RECORDED DATA:

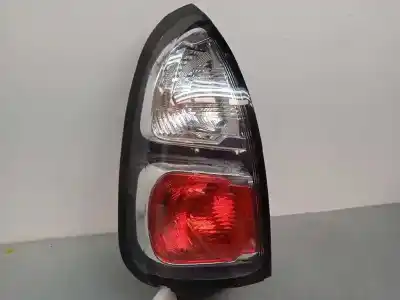 Автозапчасти б/у левый задний фонарь за CITROEN C3 PICASSO SX ссылки OEM IAM 9681727280  9681727280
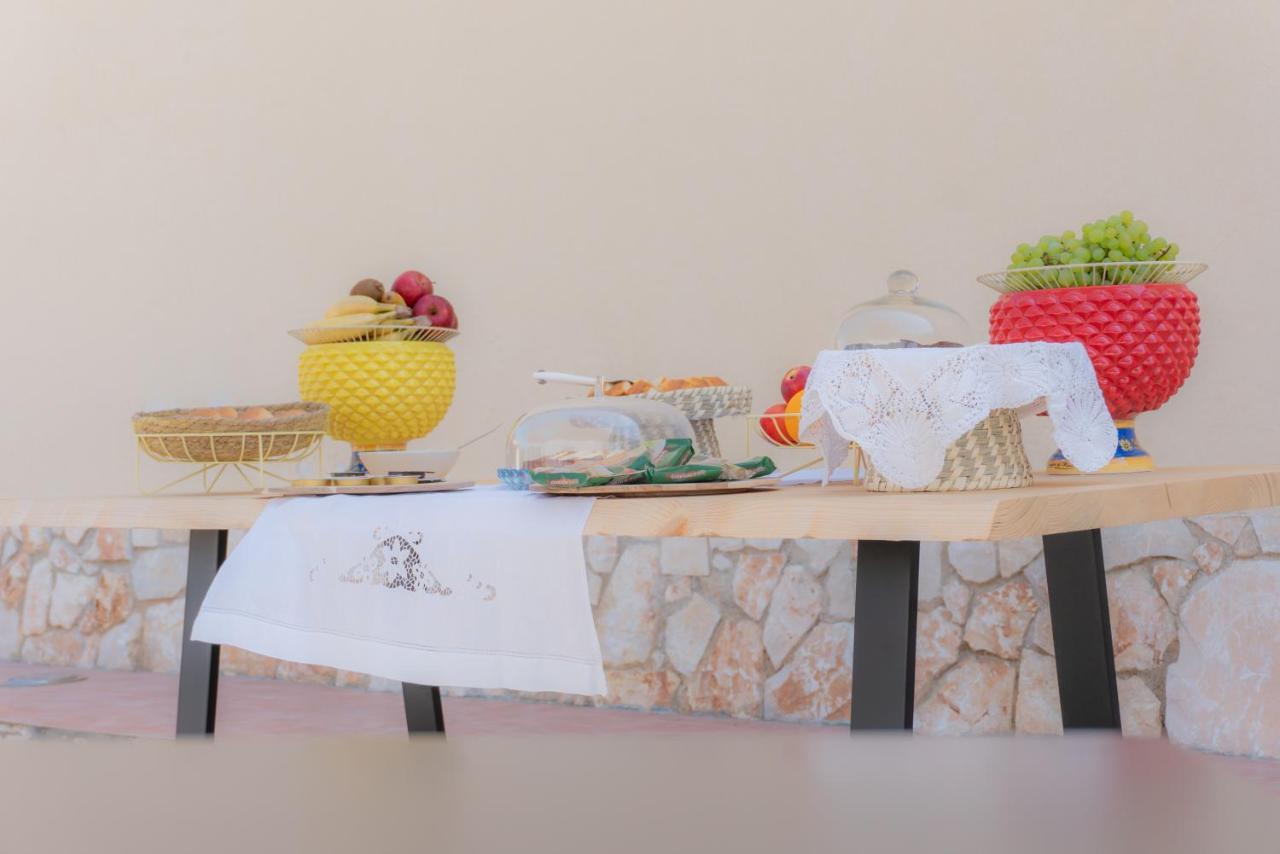 Rudini' Charming Room Marzamemi Ngoại thất bức ảnh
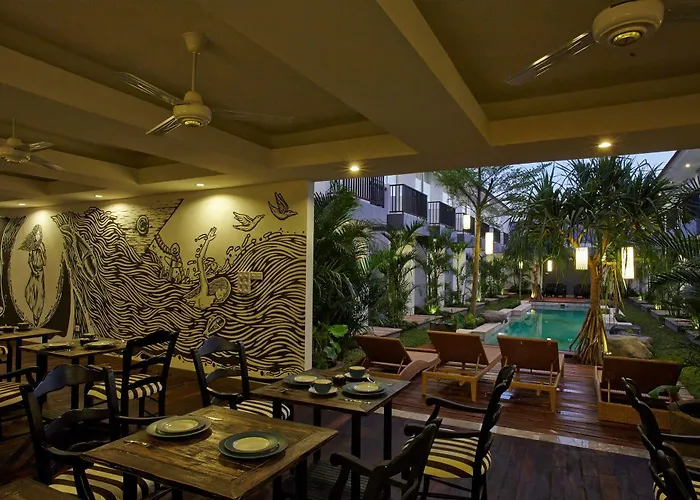 7 Bidadari Boutique Seminyak (Bali)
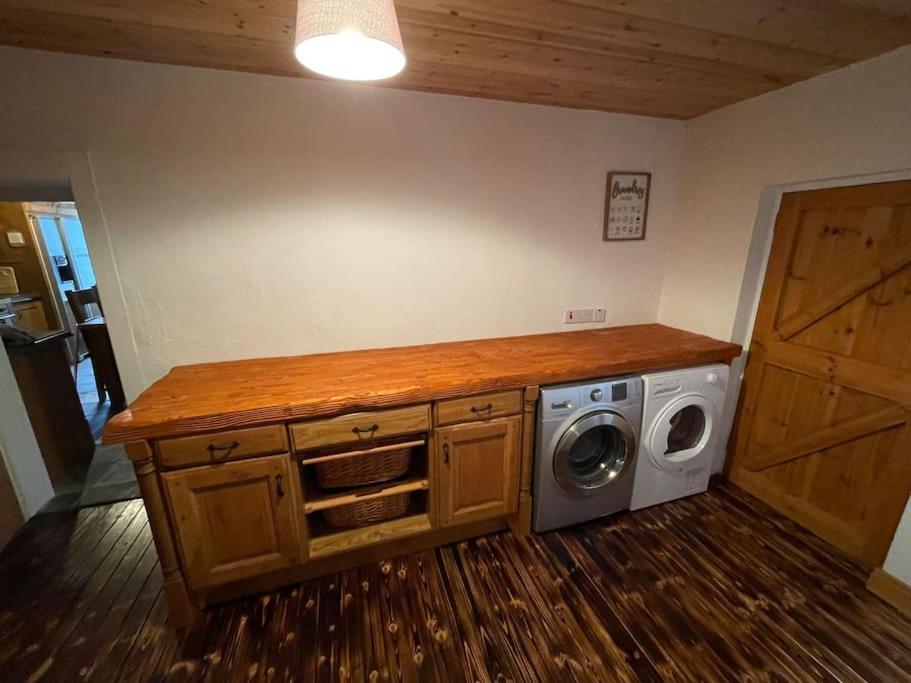John The Mills Cottage Spahot Tub Private Beach Donegal Town Exterior photo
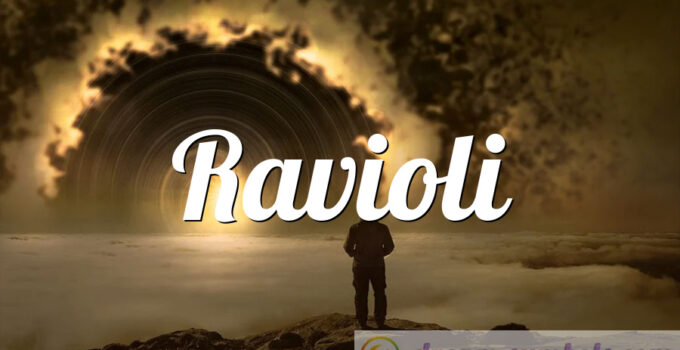 Ravioli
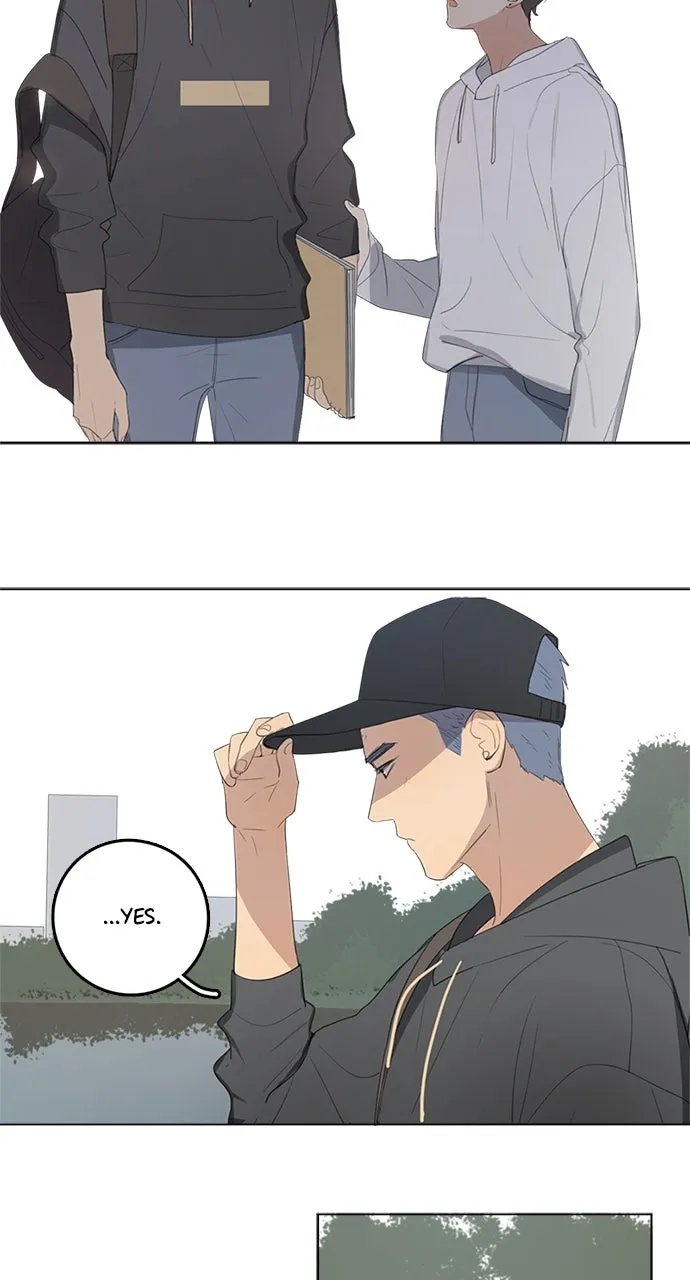 Here U Are Chapter 37 page 21 - 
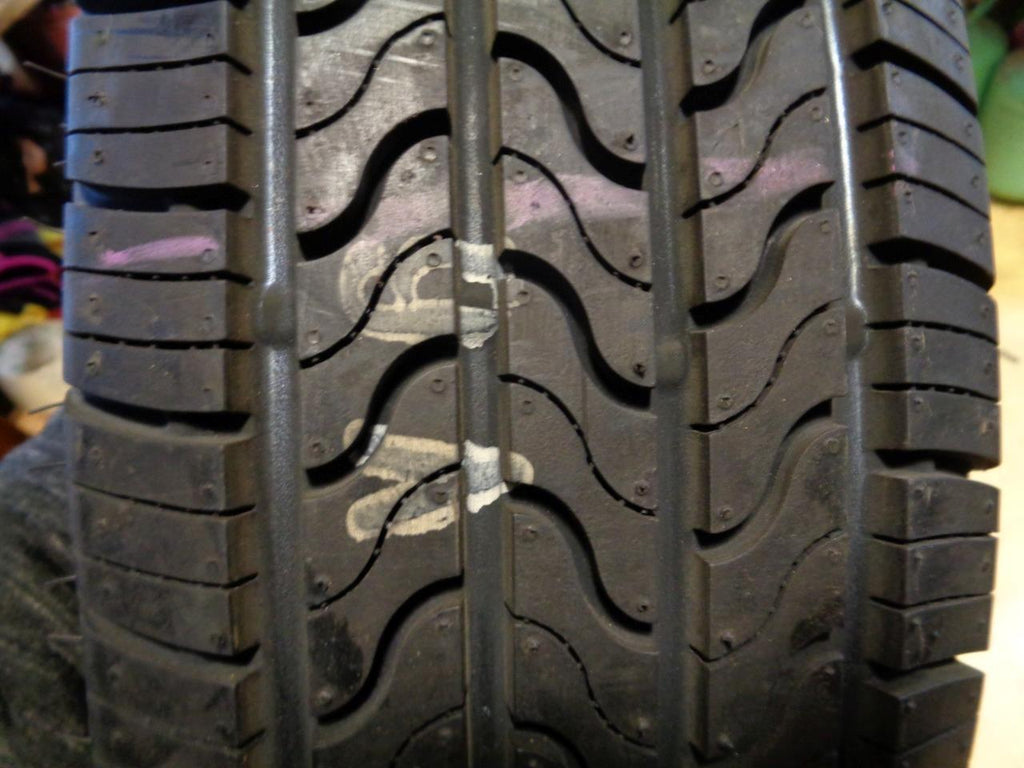 1 FIRESTONE ALL SEASON P 205 70 15 96T SL TIRE 004044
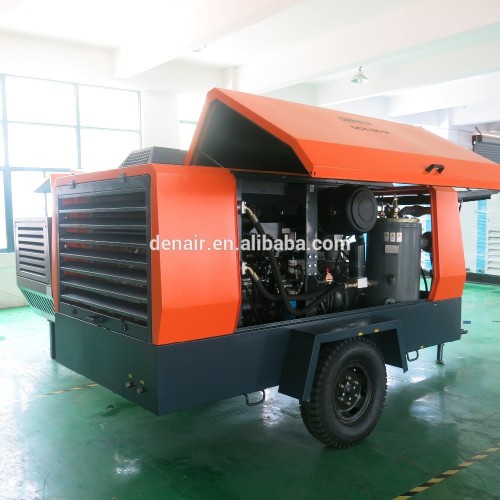 Famous brand diesel engine air compressor sell in Nigeria!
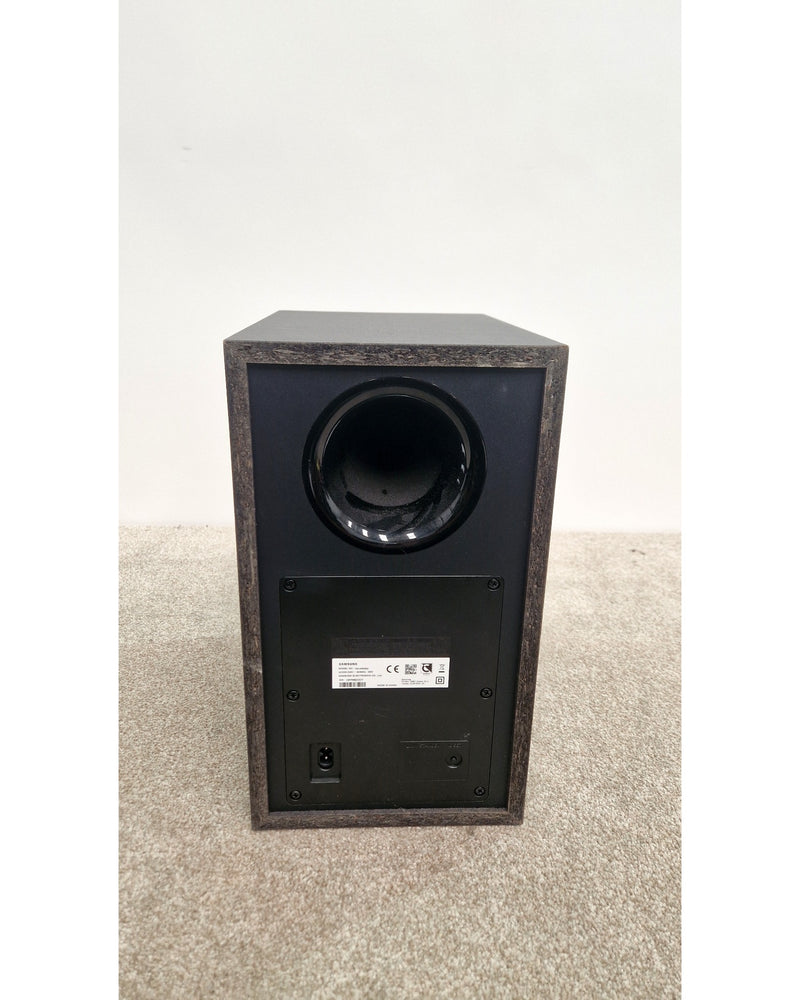 Samsung PS-WR55D - Subwoofer - Black - Good - image 3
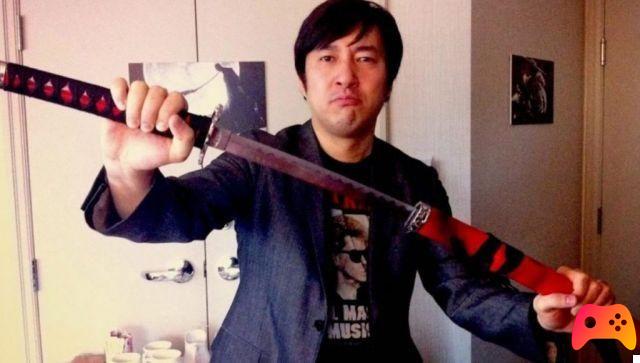 Suda 51 and his team working on new IPs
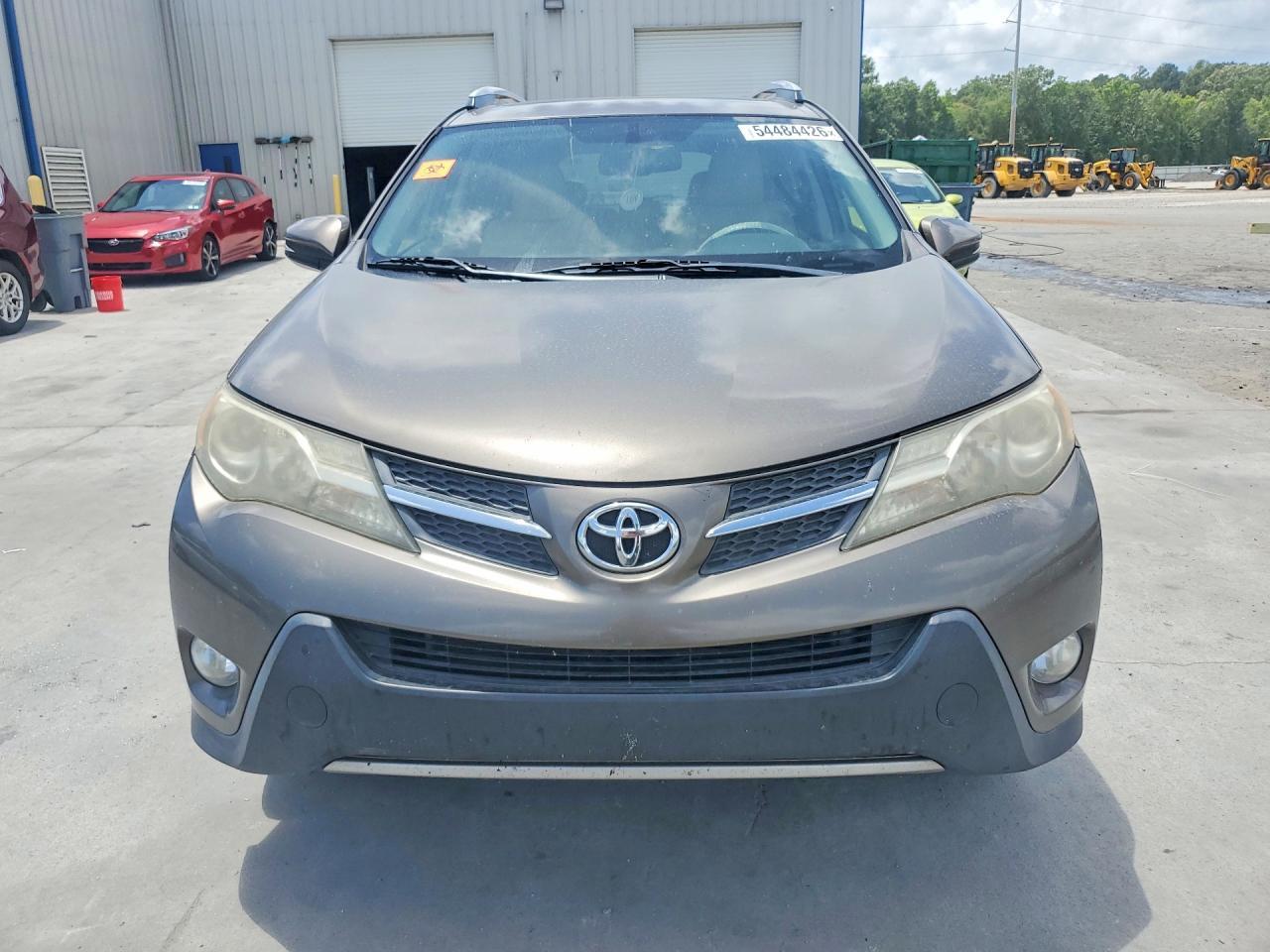 2015 Toyota Rav4 Limited - Image 5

TRY IT:
Would you retype every record above exactly, leaving out the pictures?

RESPONSE TO THE EXERCISE:
 Автозапчасти б/у левый задний фонарь за CITROEN C3 PICASSO SX ссылки OEM IAM 9681727280  9681727280
 Rudini' Charming Room Marzamemi Ngoại thất bức ảnh
 7 Bidadari Boutique Seminyak (Bali)
John The Mills Cottage Spahot Tub Private Beach Donegal Town Exterior photo
 Ravioli
 Here U Are Chapter 37 page 21 - 
 1 FIRESTONE ALL SEASON P 205 70 15 96T SL TIRE 004044
 Famous brand diesel engine air compressor sell in Nigeria!
 Samsung PS-WR55D - Subwoofer - Black - Good - image 3
 Suda 51 and his team working on new IPs
 2015 Toyota Rav4 Limited - Image 5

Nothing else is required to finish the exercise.